== Input data ==
BEGIN

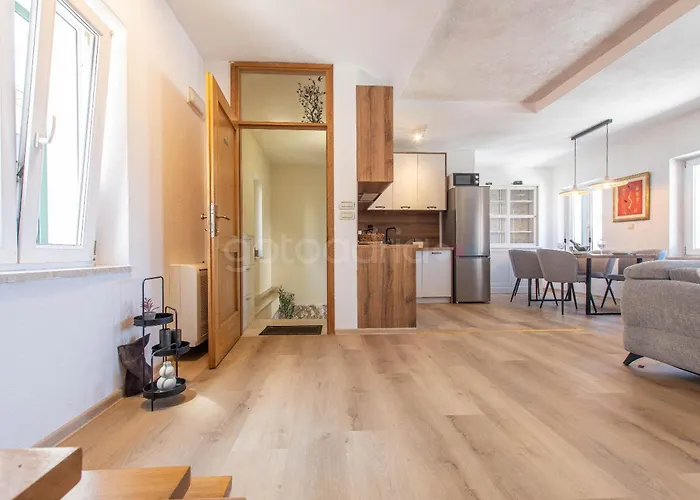 Apartment Vlove Story - Luxury Downtown *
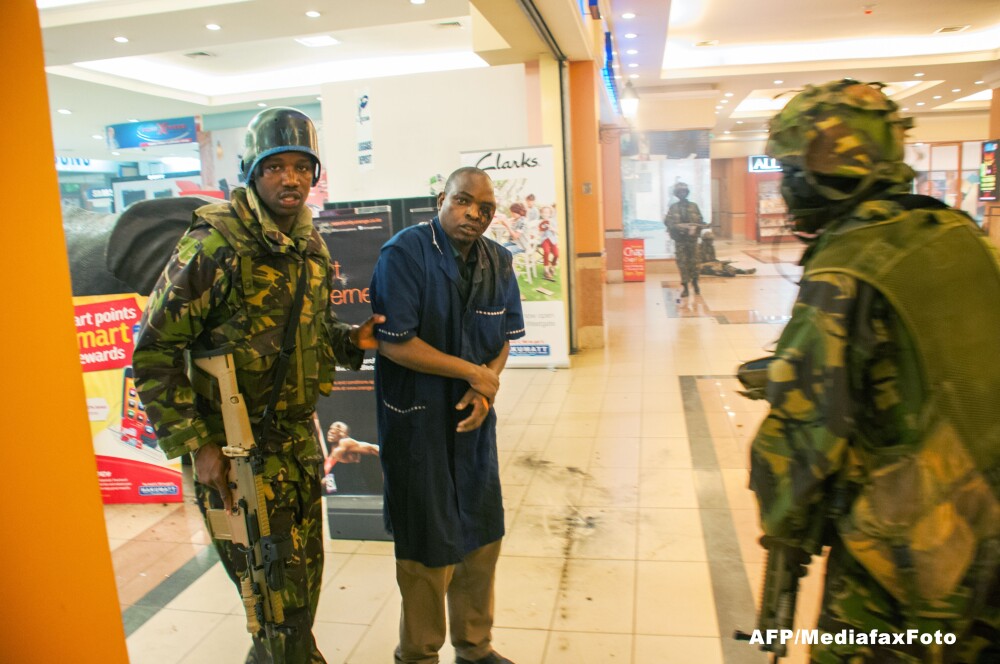 Bilantul provizoriu al atacului terorist din Kenya: cel putin 69 de morti si 63 de disparuti. VIDEO - Imaginea 4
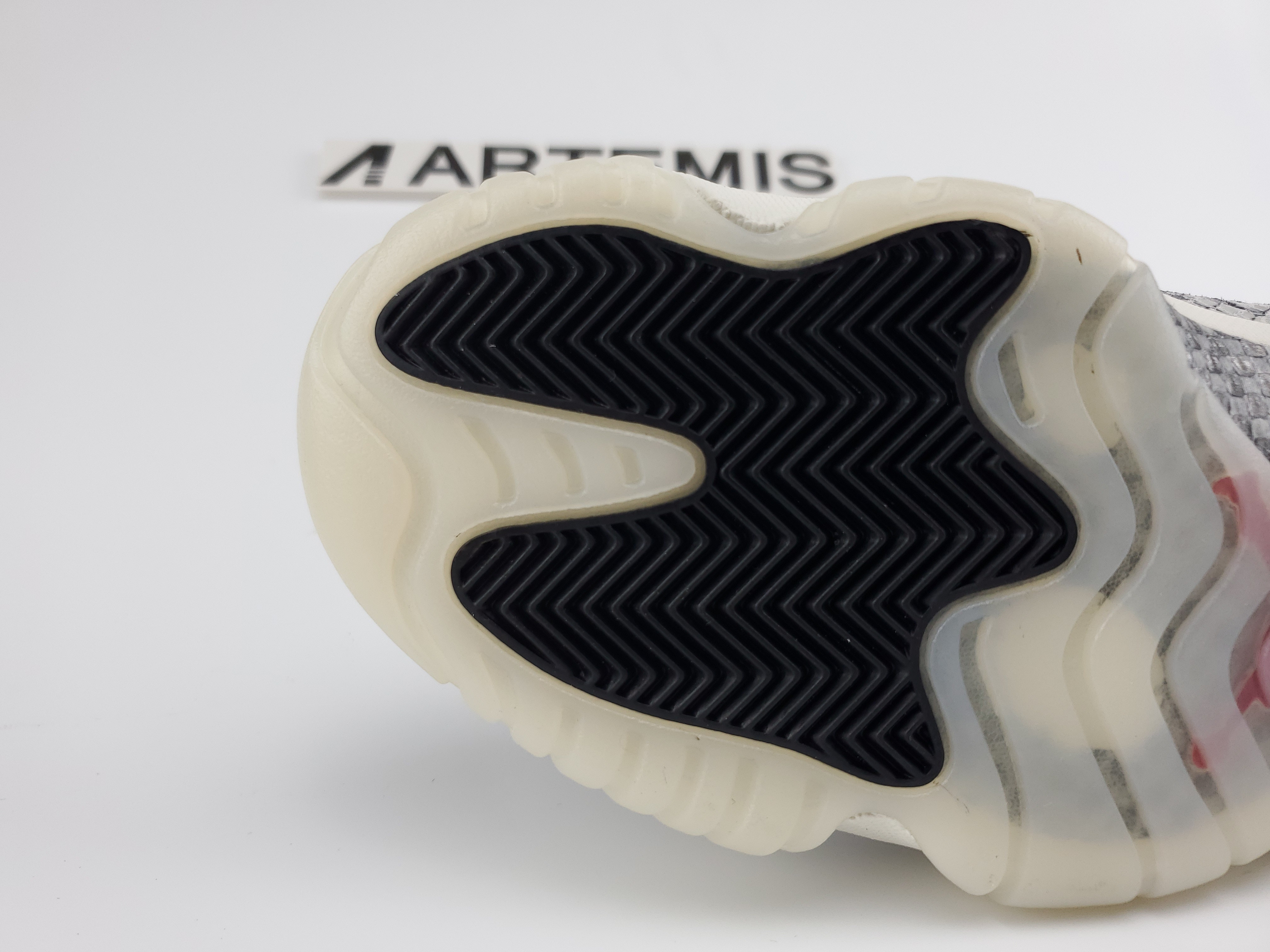 Air Jordan 11 Retro Low Snake Light Bone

END

== About this exercise ==
Leaving every picture aside, transcribe exactly the lines from the one that contains "Bilantul provizoriu al" through the final line of the listing above, inclusive.

== Your solution ==
 Bilantul provizoriu al atacului terorist din Kenya: cel putin 69 de morti si 63 de disparuti. VIDEO - Imaginea 4
 Air Jordan 11 Retro Low Snake Light Bone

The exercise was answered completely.